Theme: The World’s Theology and Agenda
In this week’s lessons, we see how the church can fall into becoming like the world, and so lose sight of thinking and acting the way God has laid out in Scripture.
Scripture: 2 Timothy 3:1-5
Yesterday we considered the first aspect of a secular church. Today we look at the second and third items.
2. The world’s theology. We can deal with this second point more briefly because the world’s theology is perfectly obvious. It says that there’s nothing much wrong with men and women and that we don’t need a savior, perhaps only a little bit of help. The church has begun to buy into this theology as well.

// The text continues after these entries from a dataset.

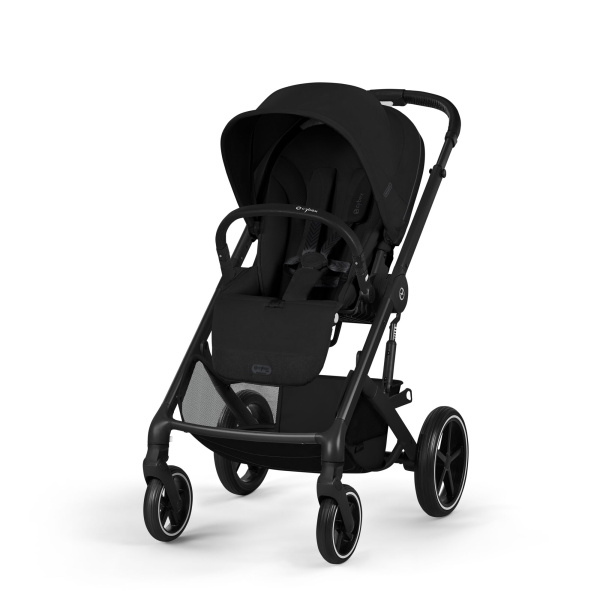 Poussette duo tout terrain balios s lux 4 avec nacelle s lux moon black Cybex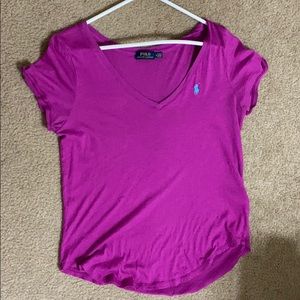 Polo Ralph Lauren magenta short sleeve tee
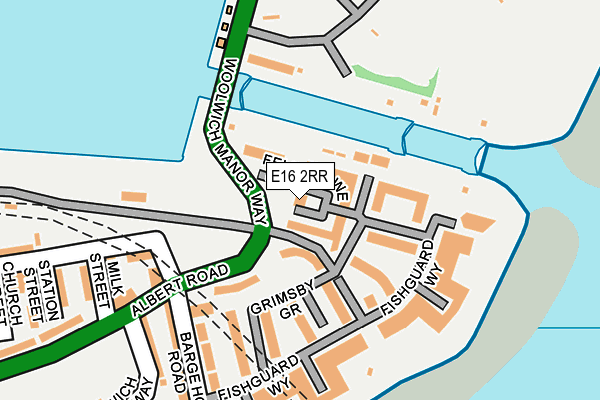 E16 2RR map - OS OpenMap – Local (Ordnance Survey)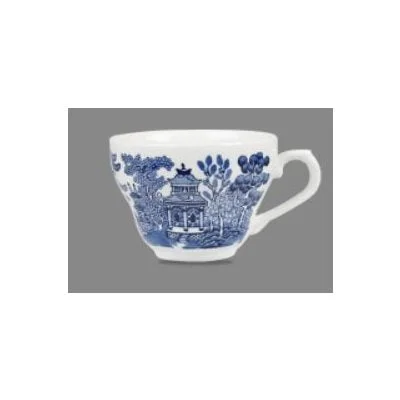 Churchill Vintage Prints 7 Oz Georgian Tea Cup, Blue Bramble 12 /Case - BBA GTC7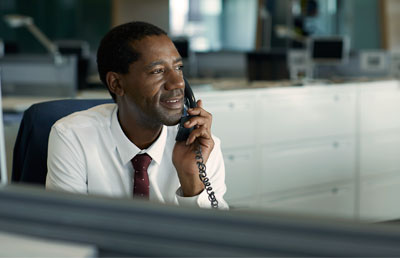 Businessman Phone Relief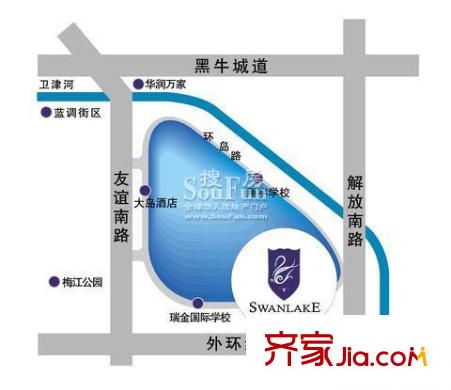 江勝天鵝湖別墅交通圖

This does not mean that the church of Jesus Christ, going by that name, necessarily abandons the terminology. It’ll still speak of sin and salvation and faith and evangelism and Jesus and all these things, but it doesn’t mean by these terms the things that the church has traditionally meant. When the church used to speak of sin, it meant transgression of the law of God. It meant rebellion against God. It meant what was basically wrong with the human race. In the new theology, the word sin is used, but sin basically means something that’s wrong with the social structures and can easily be changed.

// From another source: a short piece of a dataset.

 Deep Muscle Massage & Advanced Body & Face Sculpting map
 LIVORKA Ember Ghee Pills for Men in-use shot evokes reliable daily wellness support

When the modern theology speaks of salvation, it doesn’t mean salvation from sin by the work of Christ. It simply means deliverance from the oppression inherent in the structures. When it speaks of faith, it means commitment to social change. When it speaks of evangelism, it means proclaiming the gospel of revolution. When it speaks of Jesus, it doesn’t speak of the one who is God come to this earth to redeem us from our sins. It speaks only of one who is an example which all of us should follow.
3. The world’s agenda. Now the secular church says that whatever the world does, we ought to do. In other words, whatever the world has as a high priority, this should be our priority too. Is the world interested in hunger? That should be a priority of the church. Is the world interested in revolution or liberation? That should be a priority of the church. Whatever the social concern is, this should be our priority, so the secular church maintains.
Now this doesn’t mean that concerns of the world should never also be, in certain and correct ways, the concerns of the church. Perhaps we who are evangelicals have been guilty of not being concerned enough with that which concerns our secular contemporaries.
But what I mean is that the priorities of the world should not be the church’s priorities. Our priorities must be determined, not by what we hear on the news at 6:00 on a weekday evening, but rather, the priorities that are set forth for us in the pages of the Word of God. The church’s agenda is to be the proclamation of the gospel, the building of the church, the establishing of righteousness—first of all in the Christian community and then, God giving us grace, in the world at large as we’re enabled to put these principles into practice.
Study Questions:

How does the world’s theology differ from the theology of the Bible?
What are some concerns of the world that should be the church’s concerns as well?

Reflection: List some goals of the secular culture today that are opposed to the church’s agenda.
Application: For those areas of secular concern that the church should also care about, how can you and your church try to make a difference for the benefit of others?